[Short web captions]
◆ ◆ ◆

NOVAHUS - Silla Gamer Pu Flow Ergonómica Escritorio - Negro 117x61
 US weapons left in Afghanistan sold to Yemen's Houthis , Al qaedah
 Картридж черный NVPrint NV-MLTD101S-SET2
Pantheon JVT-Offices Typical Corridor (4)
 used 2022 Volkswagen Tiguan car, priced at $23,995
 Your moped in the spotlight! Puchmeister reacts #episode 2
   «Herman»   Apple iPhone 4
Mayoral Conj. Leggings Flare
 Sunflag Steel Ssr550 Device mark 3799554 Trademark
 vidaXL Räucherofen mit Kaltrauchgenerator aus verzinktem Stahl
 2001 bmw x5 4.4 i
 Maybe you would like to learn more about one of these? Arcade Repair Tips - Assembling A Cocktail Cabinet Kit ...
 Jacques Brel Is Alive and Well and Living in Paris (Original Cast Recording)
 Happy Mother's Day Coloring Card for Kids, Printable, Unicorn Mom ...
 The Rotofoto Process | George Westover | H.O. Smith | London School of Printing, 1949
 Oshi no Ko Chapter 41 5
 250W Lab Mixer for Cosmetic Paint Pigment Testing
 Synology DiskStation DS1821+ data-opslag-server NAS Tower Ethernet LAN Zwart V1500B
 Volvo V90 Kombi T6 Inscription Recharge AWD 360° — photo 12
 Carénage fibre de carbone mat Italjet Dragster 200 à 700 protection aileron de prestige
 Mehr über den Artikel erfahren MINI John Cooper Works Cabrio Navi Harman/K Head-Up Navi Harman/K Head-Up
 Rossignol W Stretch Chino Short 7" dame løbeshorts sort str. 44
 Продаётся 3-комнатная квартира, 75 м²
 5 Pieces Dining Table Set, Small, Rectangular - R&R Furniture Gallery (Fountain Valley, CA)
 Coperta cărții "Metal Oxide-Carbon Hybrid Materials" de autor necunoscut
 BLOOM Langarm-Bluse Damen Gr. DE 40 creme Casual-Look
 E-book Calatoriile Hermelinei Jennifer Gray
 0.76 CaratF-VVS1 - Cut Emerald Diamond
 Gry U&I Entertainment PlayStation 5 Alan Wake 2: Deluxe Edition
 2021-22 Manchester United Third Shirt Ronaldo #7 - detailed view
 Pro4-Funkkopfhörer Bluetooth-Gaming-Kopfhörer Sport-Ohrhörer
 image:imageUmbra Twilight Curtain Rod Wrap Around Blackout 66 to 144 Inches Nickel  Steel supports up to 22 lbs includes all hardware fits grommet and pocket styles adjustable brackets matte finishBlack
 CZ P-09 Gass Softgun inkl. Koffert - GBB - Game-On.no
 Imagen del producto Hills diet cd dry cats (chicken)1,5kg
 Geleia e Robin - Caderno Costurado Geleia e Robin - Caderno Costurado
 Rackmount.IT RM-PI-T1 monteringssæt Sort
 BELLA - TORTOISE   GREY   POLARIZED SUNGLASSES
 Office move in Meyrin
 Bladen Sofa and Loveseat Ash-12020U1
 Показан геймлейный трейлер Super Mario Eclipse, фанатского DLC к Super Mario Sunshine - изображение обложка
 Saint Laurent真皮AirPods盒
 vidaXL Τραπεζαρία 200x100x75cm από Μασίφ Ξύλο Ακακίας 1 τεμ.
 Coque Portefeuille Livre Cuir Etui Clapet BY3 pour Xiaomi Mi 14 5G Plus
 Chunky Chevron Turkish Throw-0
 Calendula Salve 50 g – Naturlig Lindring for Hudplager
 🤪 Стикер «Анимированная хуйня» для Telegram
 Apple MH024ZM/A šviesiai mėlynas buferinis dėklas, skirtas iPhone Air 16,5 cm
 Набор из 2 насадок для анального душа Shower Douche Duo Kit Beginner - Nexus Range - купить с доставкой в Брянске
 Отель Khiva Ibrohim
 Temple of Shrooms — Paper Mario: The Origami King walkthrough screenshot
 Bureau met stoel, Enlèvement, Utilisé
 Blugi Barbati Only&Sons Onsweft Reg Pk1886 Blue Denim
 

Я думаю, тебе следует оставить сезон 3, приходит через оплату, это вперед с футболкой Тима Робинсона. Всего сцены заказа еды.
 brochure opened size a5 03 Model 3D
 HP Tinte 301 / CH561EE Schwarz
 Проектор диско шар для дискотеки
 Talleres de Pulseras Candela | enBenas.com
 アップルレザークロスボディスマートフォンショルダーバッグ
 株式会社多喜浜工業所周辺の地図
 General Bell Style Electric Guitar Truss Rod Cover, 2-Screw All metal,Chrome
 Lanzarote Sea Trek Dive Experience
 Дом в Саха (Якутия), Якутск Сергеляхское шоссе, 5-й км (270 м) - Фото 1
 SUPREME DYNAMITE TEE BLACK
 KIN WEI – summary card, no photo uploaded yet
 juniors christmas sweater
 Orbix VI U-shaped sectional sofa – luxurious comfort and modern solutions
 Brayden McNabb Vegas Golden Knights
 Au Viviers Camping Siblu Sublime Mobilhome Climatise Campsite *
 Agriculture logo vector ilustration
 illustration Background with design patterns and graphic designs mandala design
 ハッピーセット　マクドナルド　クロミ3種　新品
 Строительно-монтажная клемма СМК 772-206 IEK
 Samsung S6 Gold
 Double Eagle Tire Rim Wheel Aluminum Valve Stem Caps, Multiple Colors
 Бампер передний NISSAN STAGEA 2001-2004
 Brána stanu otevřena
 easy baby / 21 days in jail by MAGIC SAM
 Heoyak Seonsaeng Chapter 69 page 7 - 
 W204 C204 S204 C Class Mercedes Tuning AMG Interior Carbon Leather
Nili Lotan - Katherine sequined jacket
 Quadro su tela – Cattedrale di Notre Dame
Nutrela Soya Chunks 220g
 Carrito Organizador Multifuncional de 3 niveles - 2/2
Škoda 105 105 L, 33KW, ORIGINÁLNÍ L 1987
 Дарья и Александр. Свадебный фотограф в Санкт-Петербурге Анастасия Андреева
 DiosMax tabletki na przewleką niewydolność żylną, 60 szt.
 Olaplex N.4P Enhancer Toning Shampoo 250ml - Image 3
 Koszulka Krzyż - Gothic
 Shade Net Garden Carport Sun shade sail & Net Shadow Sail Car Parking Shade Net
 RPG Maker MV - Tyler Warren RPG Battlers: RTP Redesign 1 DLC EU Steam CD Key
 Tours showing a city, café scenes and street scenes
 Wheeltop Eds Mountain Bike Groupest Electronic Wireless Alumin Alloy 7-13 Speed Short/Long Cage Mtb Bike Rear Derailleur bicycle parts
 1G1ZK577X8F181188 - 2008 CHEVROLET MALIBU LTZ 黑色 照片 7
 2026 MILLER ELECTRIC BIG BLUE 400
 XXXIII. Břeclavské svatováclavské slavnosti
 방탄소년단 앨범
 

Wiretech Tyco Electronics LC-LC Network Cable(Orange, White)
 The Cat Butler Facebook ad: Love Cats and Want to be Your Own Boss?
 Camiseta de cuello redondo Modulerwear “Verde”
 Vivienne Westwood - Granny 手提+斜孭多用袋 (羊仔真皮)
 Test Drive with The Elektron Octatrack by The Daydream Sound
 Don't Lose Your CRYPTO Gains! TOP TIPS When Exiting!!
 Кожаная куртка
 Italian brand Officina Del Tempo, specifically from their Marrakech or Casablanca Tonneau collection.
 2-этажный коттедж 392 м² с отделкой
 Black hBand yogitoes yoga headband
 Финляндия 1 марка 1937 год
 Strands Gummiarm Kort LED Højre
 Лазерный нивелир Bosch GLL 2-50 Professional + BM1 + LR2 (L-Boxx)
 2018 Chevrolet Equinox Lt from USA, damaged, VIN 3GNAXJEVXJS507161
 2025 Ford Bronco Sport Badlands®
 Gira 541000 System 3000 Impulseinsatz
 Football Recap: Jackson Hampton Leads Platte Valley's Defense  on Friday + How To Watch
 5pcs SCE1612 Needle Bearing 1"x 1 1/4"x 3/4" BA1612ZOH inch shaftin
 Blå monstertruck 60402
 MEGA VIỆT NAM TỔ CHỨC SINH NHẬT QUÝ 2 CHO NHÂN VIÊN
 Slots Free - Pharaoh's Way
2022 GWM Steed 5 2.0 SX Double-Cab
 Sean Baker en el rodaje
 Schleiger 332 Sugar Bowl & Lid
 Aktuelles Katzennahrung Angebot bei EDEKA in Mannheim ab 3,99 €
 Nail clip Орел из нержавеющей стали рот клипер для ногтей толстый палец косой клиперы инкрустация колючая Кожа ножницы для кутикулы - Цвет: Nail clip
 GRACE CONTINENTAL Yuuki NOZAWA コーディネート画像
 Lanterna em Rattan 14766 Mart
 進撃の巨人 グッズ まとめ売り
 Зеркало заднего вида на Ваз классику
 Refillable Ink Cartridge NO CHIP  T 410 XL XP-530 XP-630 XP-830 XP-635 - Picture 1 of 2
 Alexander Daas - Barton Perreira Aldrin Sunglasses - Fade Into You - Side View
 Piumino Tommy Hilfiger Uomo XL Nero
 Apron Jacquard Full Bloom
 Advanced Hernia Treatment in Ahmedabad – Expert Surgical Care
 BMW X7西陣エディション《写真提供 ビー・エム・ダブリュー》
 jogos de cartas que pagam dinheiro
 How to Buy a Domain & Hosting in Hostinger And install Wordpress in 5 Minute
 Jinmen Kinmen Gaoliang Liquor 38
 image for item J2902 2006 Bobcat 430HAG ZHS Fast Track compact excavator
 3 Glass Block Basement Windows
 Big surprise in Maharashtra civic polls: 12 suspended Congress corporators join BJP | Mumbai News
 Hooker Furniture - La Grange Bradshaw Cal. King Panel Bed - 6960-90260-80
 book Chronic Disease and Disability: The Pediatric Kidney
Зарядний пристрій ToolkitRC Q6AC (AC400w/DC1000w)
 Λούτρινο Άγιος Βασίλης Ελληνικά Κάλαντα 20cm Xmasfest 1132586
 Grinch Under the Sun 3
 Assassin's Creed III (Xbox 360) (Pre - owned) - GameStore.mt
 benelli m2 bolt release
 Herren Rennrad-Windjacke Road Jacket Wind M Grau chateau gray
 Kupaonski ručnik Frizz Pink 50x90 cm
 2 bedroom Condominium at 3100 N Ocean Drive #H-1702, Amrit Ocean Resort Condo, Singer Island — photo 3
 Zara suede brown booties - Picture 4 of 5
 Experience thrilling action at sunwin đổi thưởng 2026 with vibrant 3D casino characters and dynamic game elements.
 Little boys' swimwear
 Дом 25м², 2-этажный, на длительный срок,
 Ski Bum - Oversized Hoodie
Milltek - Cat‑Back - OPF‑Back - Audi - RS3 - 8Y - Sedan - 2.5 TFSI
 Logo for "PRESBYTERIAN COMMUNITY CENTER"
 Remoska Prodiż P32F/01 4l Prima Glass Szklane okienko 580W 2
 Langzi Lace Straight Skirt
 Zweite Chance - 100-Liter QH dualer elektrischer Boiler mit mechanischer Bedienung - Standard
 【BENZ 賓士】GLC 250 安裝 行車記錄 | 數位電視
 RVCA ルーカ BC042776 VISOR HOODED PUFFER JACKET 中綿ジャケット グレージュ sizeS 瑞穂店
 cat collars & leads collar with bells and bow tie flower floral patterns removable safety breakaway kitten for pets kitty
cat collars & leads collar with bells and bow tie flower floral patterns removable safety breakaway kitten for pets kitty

◆ ◆ ◆

### Work instruction
Your output should consist solely of the lines from the beginning of the entries through the line containing "Gry U&I Entertainment", reproduced exactly.

### Expected answer
NOVAHUS - Silla Gamer Pu Flow Ergonómica Escritorio - Negro 117x61
 US weapons left in Afghanistan sold to Yemen's Houthis , Al qaedah
 Картридж черный NVPrint NV-MLTD101S-SET2
Pantheon JVT-Offices Typical Corridor (4)
 used 2022 Volkswagen Tiguan car, priced at $23,995
 Your moped in the spotlight! Puchmeister reacts #episode 2
   «Herman»   Apple iPhone 4
Mayoral Conj. Leggings Flare
 Sunflag Steel Ssr550 Device mark 3799554 Trademark
 vidaXL Räucherofen mit Kaltrauchgenerator aus verzinktem Stahl
 2001 bmw x5 4.4 i
 Maybe you would like to learn more about one of these? Arcade Repair Tips - Assembling A Cocktail Cabinet Kit ...
 Jacques Brel Is Alive and Well and Living in Paris (Original Cast Recording)
 Happy Mother's Day Coloring Card for Kids, Printable, Unicorn Mom ...
 The Rotofoto Process | George Westover | H.O. Smith | London School of Printing, 1949
 Oshi no Ko Chapter 41 5
 250W Lab Mixer for Cosmetic Paint Pigment Testing
 Synology DiskStation DS1821+ data-opslag-server NAS Tower Ethernet LAN Zwart V1500B
 Volvo V90 Kombi T6 Inscription Recharge AWD 360° — photo 12
 Carénage fibre de carbone mat Italjet Dragster 200 à 700 protection aileron de prestige
 Mehr über den Artikel erfahren MINI John Cooper Works Cabrio Navi Harman/K Head-Up Navi Harman/K Head-Up
 Rossignol W Stretch Chino Short 7" dame løbeshorts sort str. 44
 Продаётся 3-комнатная квартира, 75 м²
 5 Pieces Dining Table Set, Small, Rectangular - R&R Furniture Gallery (Fountain Valley, CA)
 Coperta cărții "Metal Oxide-Carbon Hybrid Materials" de autor necunoscut
 BLOOM Langarm-Bluse Damen Gr. DE 40 creme Casual-Look
 E-book Calatoriile Hermelinei Jennifer Gray
 0.76 CaratF-VVS1 - Cut Emerald Diamond
 Gry U&I Entertainment PlayStation 5 Alan Wake 2: Deluxe Edition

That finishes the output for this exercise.